REQUIRED WORK
Repeat verbatim, and only, the lines of the data below, beginning at the line that contains "Laravel Lectures - Setting up a Virtual Host" and stopping after the line that contains "Variety Distributors - Wholesale".

PROVIDED RECORDS

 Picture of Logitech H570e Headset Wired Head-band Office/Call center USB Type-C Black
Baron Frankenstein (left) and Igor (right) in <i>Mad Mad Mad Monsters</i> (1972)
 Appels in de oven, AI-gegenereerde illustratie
...
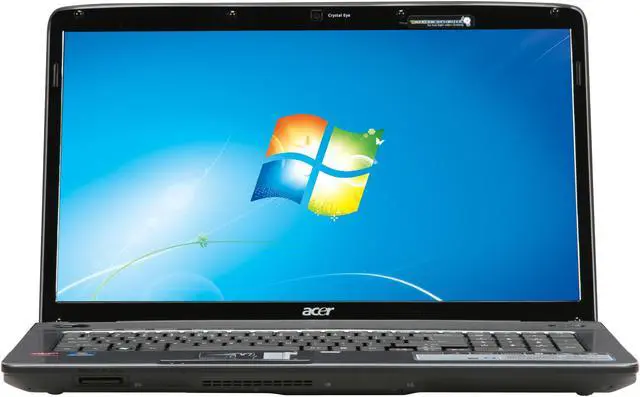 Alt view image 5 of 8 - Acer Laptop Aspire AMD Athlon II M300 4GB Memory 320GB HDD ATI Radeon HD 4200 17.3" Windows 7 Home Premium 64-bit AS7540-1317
...
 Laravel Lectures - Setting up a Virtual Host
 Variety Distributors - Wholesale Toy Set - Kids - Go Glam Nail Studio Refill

TASK ANSWER
 Laravel Lectures - Setting up a Virtual Host
 Variety Distributors - Wholesale Toy Set - Kids - Go Glam Nail Studio Refill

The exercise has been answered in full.